January 9, 2024
What is a disability? How do we define and understand it? Is the ‘disabling’ factor to do with the person or their environment? How then should we act towards people with and without disabilities as a society?
These simple questions have many layers of complexity, and the way we answer them impacts millions of those with disability. Theoretical models attempt understand disability, however, their practical implications must be considered in order to judge their usefulness in social application.
Medical Model
The medical model is the traditional approach in Western culture, and looks at disability through a biological and impairment-based lens, and assesses personal factors that disable them from certain functionalities.
The question is asked, then, how much impairment constitutes as disability? Every human being by nature has some level of impairment compared with the next person.
This model has been claimed by some to be ‘dehumanising’ where it causes people to have to prove the validity or severity of their disability. This is only dehumanising, though, if humanity is defined by external functionalities, rather than intrinsic nature that is inherited.

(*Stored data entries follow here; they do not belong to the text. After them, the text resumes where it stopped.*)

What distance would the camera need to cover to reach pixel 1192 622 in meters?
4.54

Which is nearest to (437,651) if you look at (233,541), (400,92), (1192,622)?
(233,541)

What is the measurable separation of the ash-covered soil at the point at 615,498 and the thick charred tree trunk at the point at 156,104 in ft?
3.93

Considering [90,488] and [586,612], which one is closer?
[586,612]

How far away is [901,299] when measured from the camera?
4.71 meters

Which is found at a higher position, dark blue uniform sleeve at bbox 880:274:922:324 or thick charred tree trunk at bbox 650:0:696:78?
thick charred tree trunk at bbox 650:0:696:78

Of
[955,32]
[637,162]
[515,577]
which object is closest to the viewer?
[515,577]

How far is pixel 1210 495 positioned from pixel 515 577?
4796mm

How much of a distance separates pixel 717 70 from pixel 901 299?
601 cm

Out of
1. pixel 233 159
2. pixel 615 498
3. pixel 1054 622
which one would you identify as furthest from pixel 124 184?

Taking the basis of disability as impairment-based, although seemingly fundamental, requires balanced consideration in understanding the implications of why certain impairments experienced by people constitute as ‘disability’. Breakdown in body structures and functions are not necessarily disability if there are no implications of it in a person’s interaction with their environment.
Social Model
The social model of disability emerged in the 70’s, and describes disability as fundamentally an issue with ‘disabling’ structures and attitudes within society. It presupposes that barriers to participation within society are the source of problem in disability, not personal limitations that constitute impairment. A discriminatory society which excludes certain members from what is accepted as the normative experience.

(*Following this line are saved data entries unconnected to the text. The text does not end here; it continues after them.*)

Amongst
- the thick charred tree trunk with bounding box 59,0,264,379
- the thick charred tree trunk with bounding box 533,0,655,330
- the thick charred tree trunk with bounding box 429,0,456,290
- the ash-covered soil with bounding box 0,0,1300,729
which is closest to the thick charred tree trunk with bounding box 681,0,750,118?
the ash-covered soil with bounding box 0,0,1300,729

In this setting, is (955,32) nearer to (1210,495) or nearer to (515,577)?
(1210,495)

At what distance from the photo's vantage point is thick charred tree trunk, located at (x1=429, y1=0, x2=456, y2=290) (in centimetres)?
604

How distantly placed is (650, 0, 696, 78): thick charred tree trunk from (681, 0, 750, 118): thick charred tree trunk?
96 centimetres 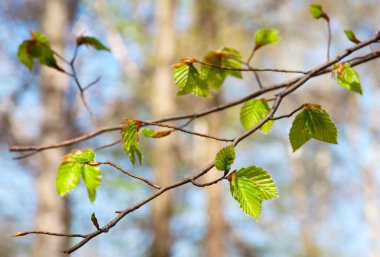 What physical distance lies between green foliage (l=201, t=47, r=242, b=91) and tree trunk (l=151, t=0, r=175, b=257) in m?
4.44

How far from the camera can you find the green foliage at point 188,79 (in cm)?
108

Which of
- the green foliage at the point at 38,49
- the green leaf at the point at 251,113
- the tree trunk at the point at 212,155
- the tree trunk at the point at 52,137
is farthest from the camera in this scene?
the tree trunk at the point at 212,155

Anecdotal evidence and stakeholder opinions seem to provide the basis for the social model, which can be problematic as attitudes and experiences change over time in history and cultural context. This also leaves the door open to anyone claiming they are impacted by disability on the basis of external challenges rather than an actual impairment, leading to society providing support where it is not actually needed.

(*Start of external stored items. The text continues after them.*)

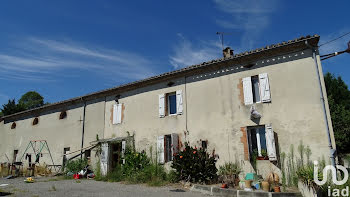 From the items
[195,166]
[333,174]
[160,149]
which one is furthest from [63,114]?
[333,174]

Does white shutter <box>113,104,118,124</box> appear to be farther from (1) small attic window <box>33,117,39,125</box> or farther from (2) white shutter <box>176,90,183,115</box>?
(1) small attic window <box>33,117,39,125</box>

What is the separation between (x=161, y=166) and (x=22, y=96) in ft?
119

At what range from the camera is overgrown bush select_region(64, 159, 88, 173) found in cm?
1322

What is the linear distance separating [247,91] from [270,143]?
219 cm

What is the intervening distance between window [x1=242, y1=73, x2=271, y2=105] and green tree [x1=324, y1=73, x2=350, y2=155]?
1392 centimetres

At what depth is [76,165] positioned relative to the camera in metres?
13.3

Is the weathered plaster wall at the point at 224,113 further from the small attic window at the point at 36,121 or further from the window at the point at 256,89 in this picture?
the small attic window at the point at 36,121

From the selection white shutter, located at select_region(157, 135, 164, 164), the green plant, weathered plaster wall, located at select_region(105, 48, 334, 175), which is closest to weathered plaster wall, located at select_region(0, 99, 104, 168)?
weathered plaster wall, located at select_region(105, 48, 334, 175)

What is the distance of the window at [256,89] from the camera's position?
9.09 m

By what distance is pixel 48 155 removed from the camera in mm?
15500

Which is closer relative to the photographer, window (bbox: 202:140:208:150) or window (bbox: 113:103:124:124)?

It can be agreed that society could be made more accommodating for all people, however, there must be a limit to how much it can cater to everyone. Within the so called ‘normative’ experience, without disability, much of society’s structures and attitudes exclude a range of people, for example, access to healthcare and entertainment for people living in rural and remote communities, prestigious schools and programs that exclude those not academically capable enough, even toilets made for only their respective genders. The concept of exclusion is not foreign to society, and is not necessarily the causative issue in disability.
Practical Implications
In practice, I would predict that the medical model of disability is more effective in helping people with disabilities move forward in ability, access and achievement within a society that also understands their responsibility to uphold the universal dignity of all human beings. This is because it can help to identify what areas of limitation need support, therapy, surgery, assistive technology, etc, in order to restore function and improve involvement in life.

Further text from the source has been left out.